AIM OF THE TASK
The listing below should be printed again word for word, without any images.

EXTRACTED RECORDS
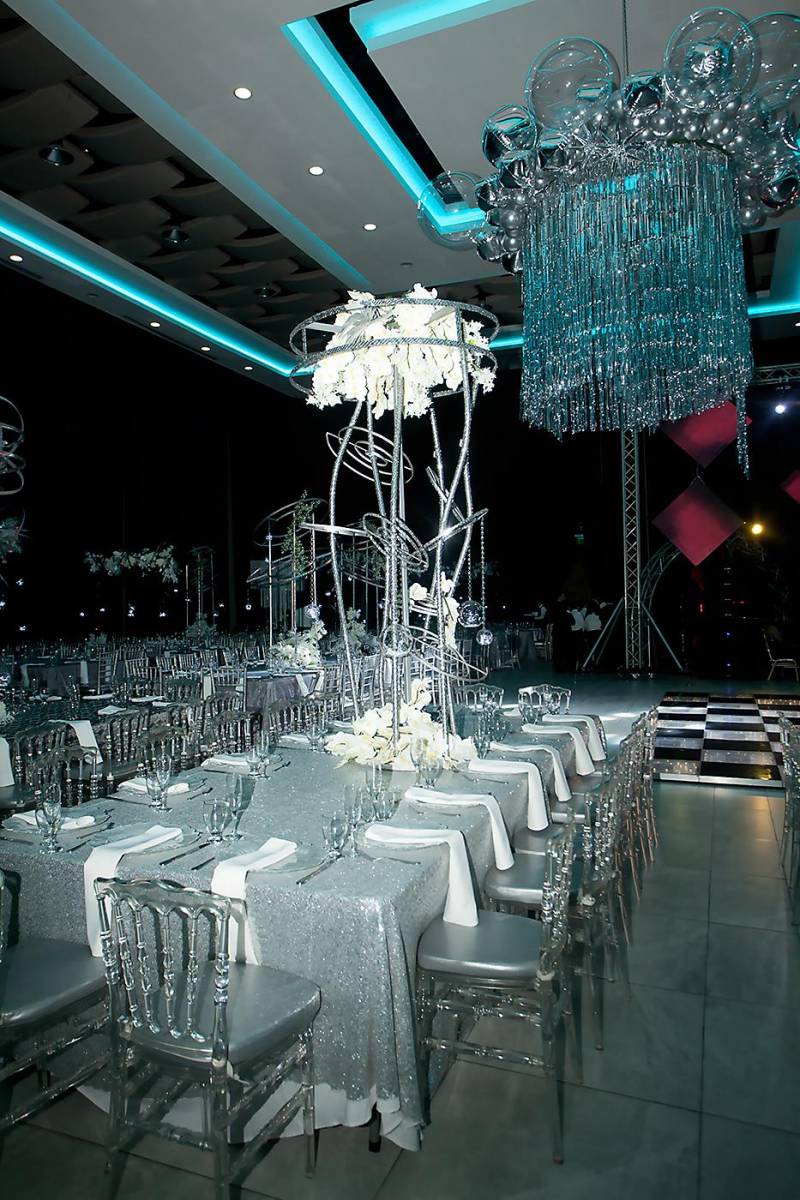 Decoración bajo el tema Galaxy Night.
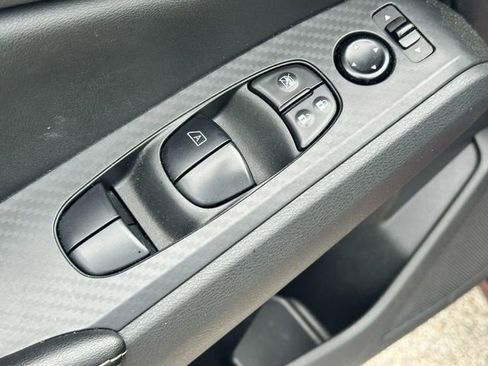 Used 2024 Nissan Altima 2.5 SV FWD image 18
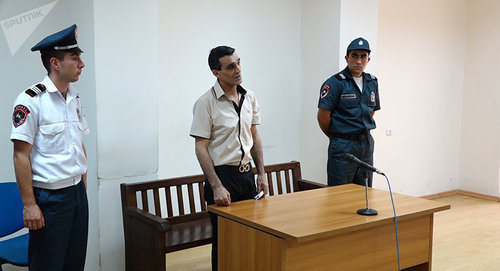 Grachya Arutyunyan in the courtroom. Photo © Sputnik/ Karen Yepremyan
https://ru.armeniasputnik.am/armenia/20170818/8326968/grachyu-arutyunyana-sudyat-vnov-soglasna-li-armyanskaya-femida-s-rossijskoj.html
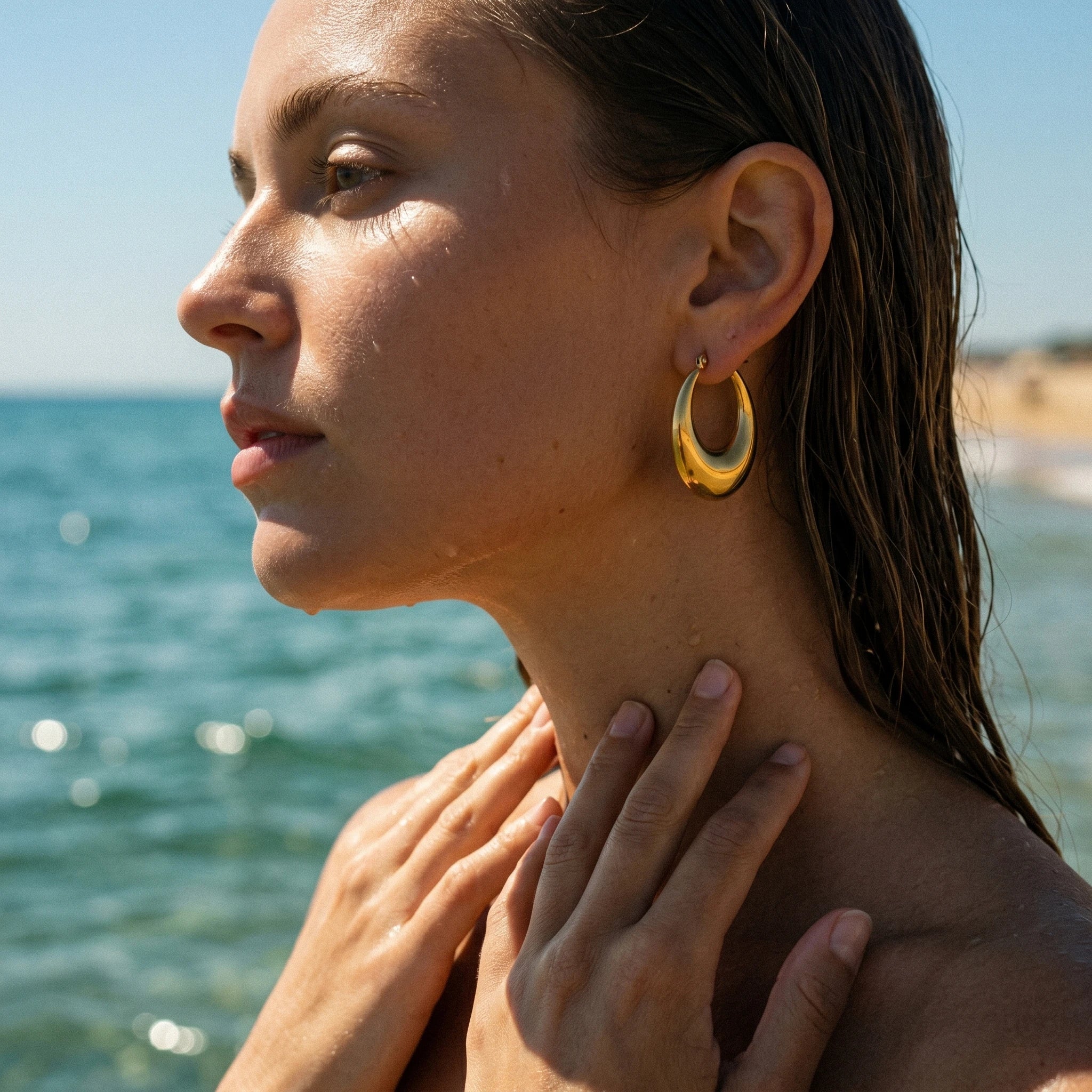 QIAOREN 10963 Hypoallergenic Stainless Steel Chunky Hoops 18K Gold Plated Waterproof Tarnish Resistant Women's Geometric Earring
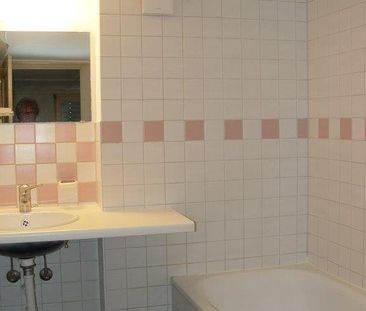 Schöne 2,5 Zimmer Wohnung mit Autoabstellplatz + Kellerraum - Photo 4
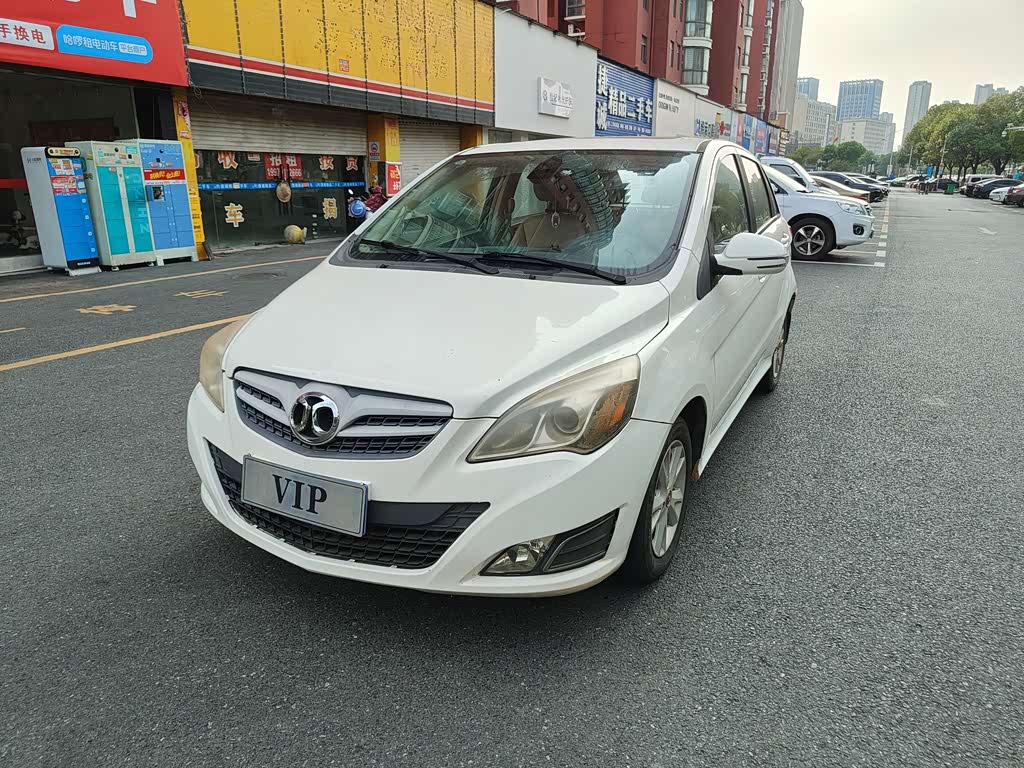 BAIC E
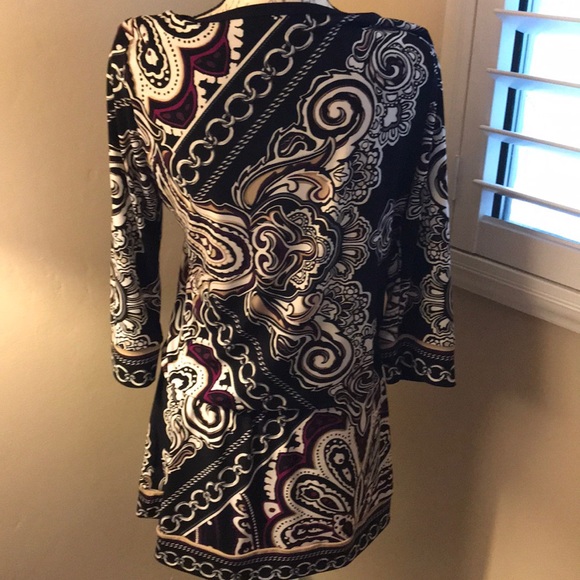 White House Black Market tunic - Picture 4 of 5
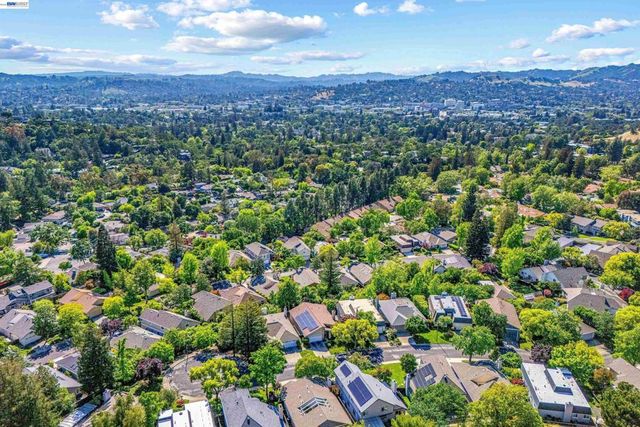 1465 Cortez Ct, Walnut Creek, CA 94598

YOUR SOLUTION
 Decoración bajo el tema Galaxy Night.
 Used 2024 Nissan Altima 2.5 SV FWD image 18
 Grachya Arutyunyan in the courtroom. Photo © Sputnik/ Karen Yepremyan
https://ru.armeniasputnik.am/armenia/20170818/8326968/grachyu-arutyunyana-sudyat-vnov-soglasna-li-armyanskaya-femida-s-rossijskoj.html
 QIAOREN 10963 Hypoallergenic Stainless Steel Chunky Hoops 18K Gold Plated Waterproof Tarnish Resistant Women's Geometric Earring
 Schöne 2,5 Zimmer Wohnung mit Autoabstellplatz + Kellerraum - Photo 4
 BAIC E
 White House Black Market tunic - Picture 4 of 5
 1465 Cortez Ct, Walnut Creek, CA 94598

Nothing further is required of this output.